Week Two (Day 3) – The Bread of Life
May the grace and peace of God our Father and the Lord Jesus Christ be with you!
For so many people, the fact that they are not able to attend the Eucharist and receive Holy Communion is one of the major sadnesses of this time. It has made many people realize just how important the Eucharist is in their lives.
It’s here we encounter Jesus: in his Word, that is read to us and that we take into our lives as the foundation of our lives; in the Church, the community gathered in prayer without the support of which a life of discipleship is somehow so much less manageable; and, in the most intimate way possible, in the sacrament of his Body and Blood.
Our Bishops and Church leaders have recommended that we make, as often as we can, a “spiritual communion”. So today, in union with countless other followers of Jesus praying with us, let’s make a “spiritual communion”.
We can begin by listening, in a quiet and meditative way, to words from St John’s Gospel in which Jesus speaks to those around him, and speaks to us, about the Bread of Life. In the sixth chapter of St John’s Gospel we read….
So Jesus said to them, “Very truly, I tell you, unless you eat the flesh of the Son of Man and drink his blood, you have no life in you. Those who eat my flesh and drink my blood have eternal life, and I will raise them up on the last day; for my flesh is true food and my blood is true drink. Those who eat my flesh and drink my blood abide in me, and I in them. Just as the living Father sent me, and I live because of the Father, so whoever eats me will live because of me. This is the bread that came down from heaven, not like that which your ancestors ate, and they died. But the one who eats this bread will live forever.” He said these things while he was teaching in the synagogue at Capernaum. (John 6:53-59)

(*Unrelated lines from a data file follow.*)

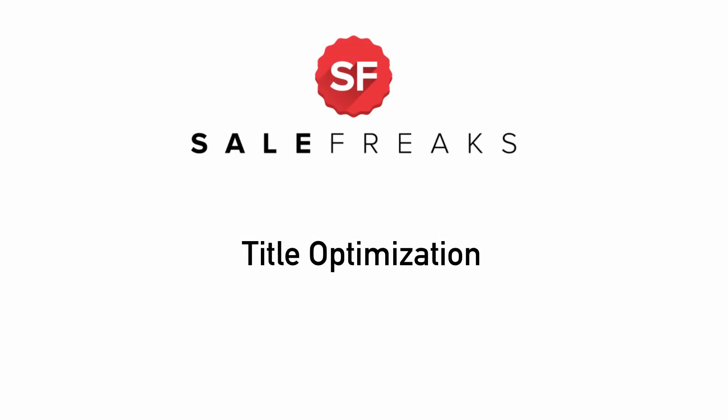Hi guys, in this segment we will explain about Title Optimization. Salefreaks provides a tool for Title Optimization which can help you improve your sales.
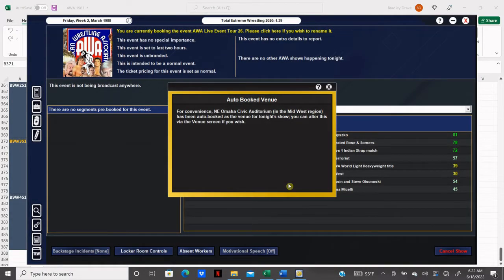Welcome back everybody to the 1987 Super Mod. I'm your host as always, Brad Drake, and this is my AWA save. Tonight the AWA is back on tour and we have rolled into Omaha, Nebraska for our next tour date.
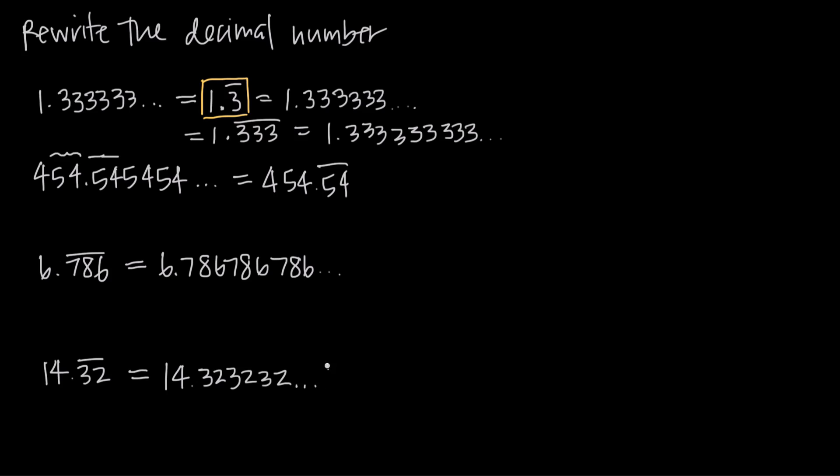So that's all it means when we talk about repeating decimals. You can either condense a decimal like this by indicating which number repeats, or you can expand a decimal like this by writing out the repeating sequence.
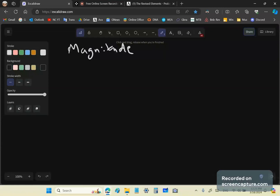Magnitude can be something like distance, area, volume, mass, etc. The next thing we do in the evolution of number — and here is a very important step that we need to take.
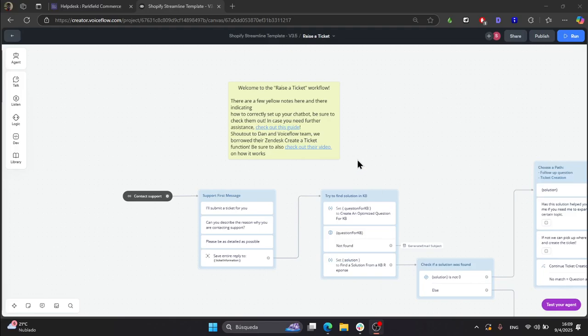Hey guys, welcome back to another Streamline Connector tutorial. This is Santi, and in today's video we will be going over the raise a ticket workflow. In order to get started, first you will need to connect to your ticketing platform, which could be Gorgias, Freshdesk, or Zendesk.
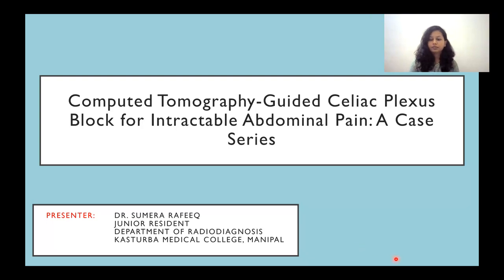Hello, I am Dr. Sumaira Rafiq, junior resident in the Department of Radiodiagnosis at Kasturba Medical College, Manipal. My topic for poster presentation is Computed Tomography Guided Celiac Plexus Block for Intractable Abdominal Pain, a case series.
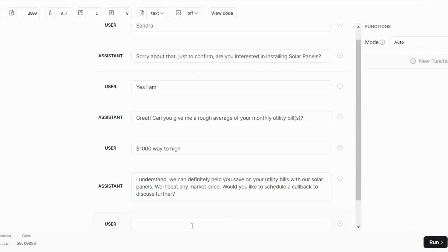Will Sandra reply, sure? Sure, I would like to.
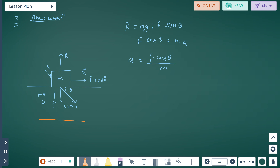When the force acts at angle theta below the horizontal (downward), R equals mg plus F sin theta. And F cos theta equals ma, so a equals F cos theta divided by m.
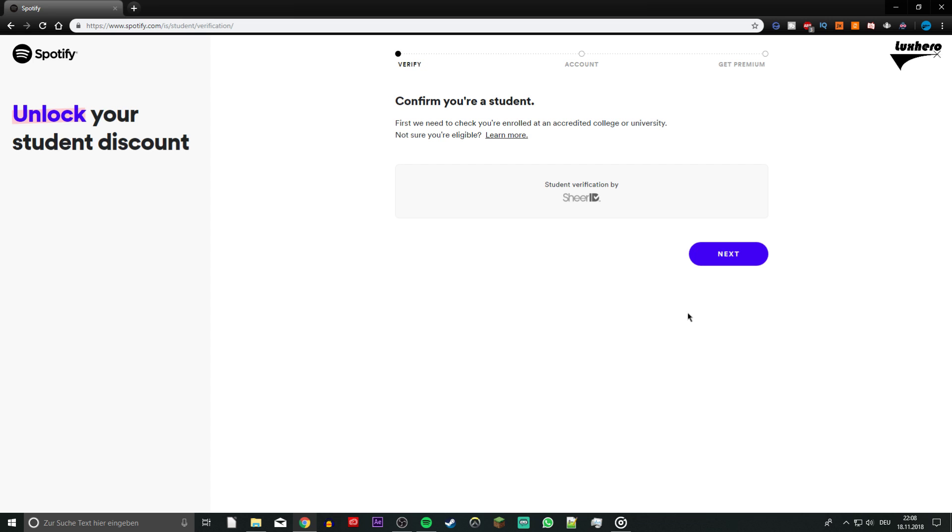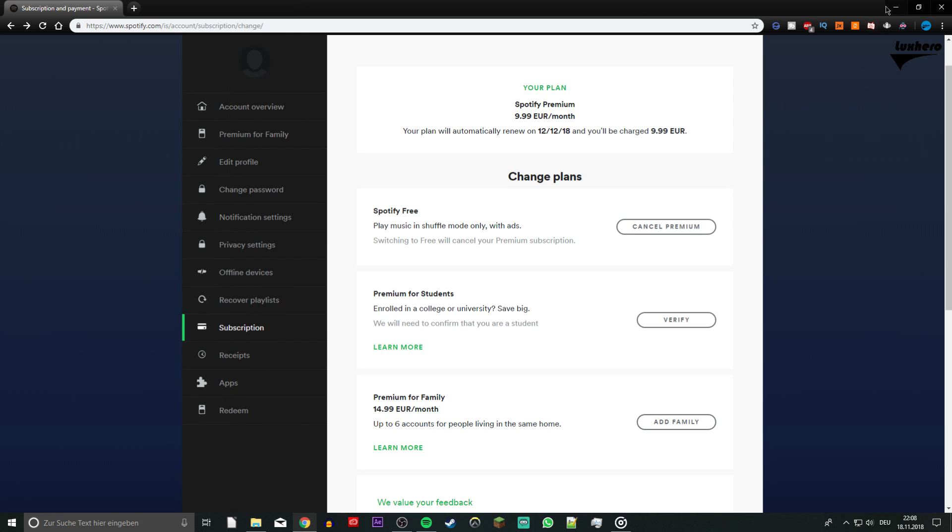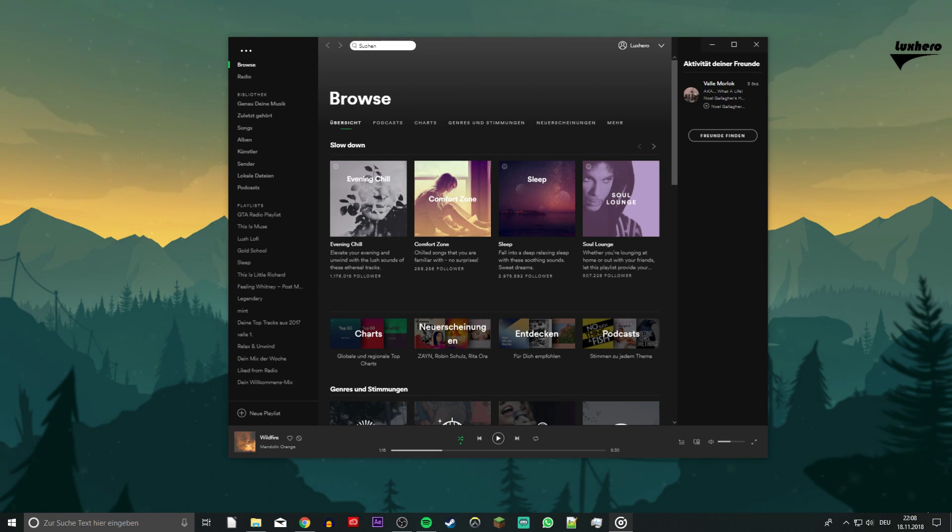After the verification is complete, your Premium Account subscription will cost about half of the normal price. I hope this helped you out. Leave a comment if you have any questions and see you in the next one.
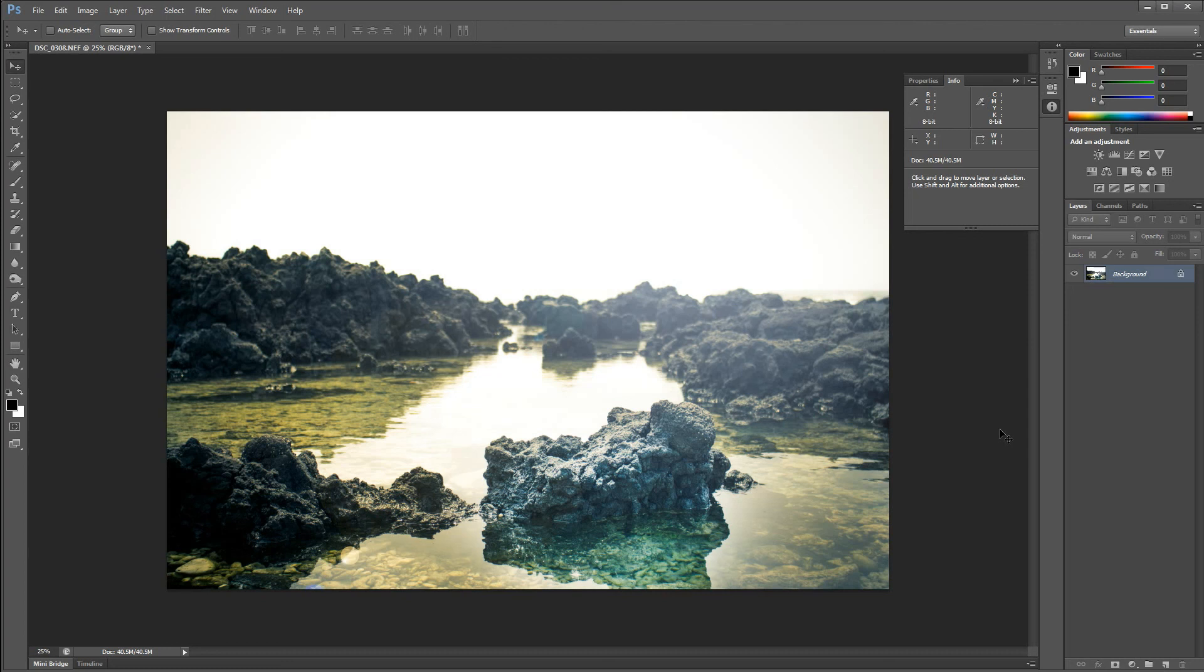So there you have it, that is how to use the RAW Photoshop plug-in. It's easy to use once you get used to it. Bye!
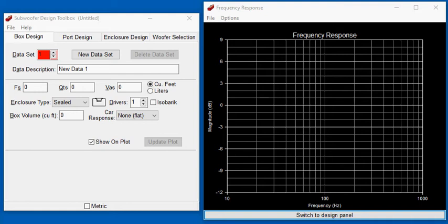This video shows how to choose a replacement woofer for a ported box. Sometimes you can't find an exact replacement and need to search for a substitute.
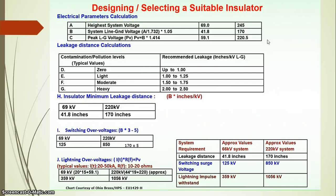An important factor in insulator design is the leakage distance calculation. Leakage distance is the distance between the two pins of the insulator. This calculation is based on pollution and contamination level — for a heavily polluted location, the recommended leakage distance is 2 to 2.5 inches per kV line-to-ground. Using this, the minimum leakage distance for a 220 kV line is 170 inches, which converts to approximately 4.3 meters.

Now let’s reflect together on the meaning of the Eucharist with a verse from the hymn, Adoro Te Devote, written in the thirteenth century by the Dominican, St Thomas Aquinas, poetically translated by the Jesuit, Gerard Manley Hopkins.
O thou our reminder
Of Christ crucified,
Living Bread, the life of us
For whom he died,
Lend this life to me then:
Feed and feast my mind,
There be thou the sweetness
Man was meant to find.
Let us pray ….
Lord Jesus, you are the Bread of Life, may we always hunger for your word, for your presence in our lives, for the peace you alone can give, and for the courage and confidence you inspire and without which in these times we cannot live as your disciples in the world. May we never forget you, never walk away from you, but always trust in you and stick close by you and may we long to be united one day with you for ever. Amen.
Glory be to the Father, and to the Son and to the Holy Spirit as it was in the beginning, is now and ever shall be, world without end. Amen.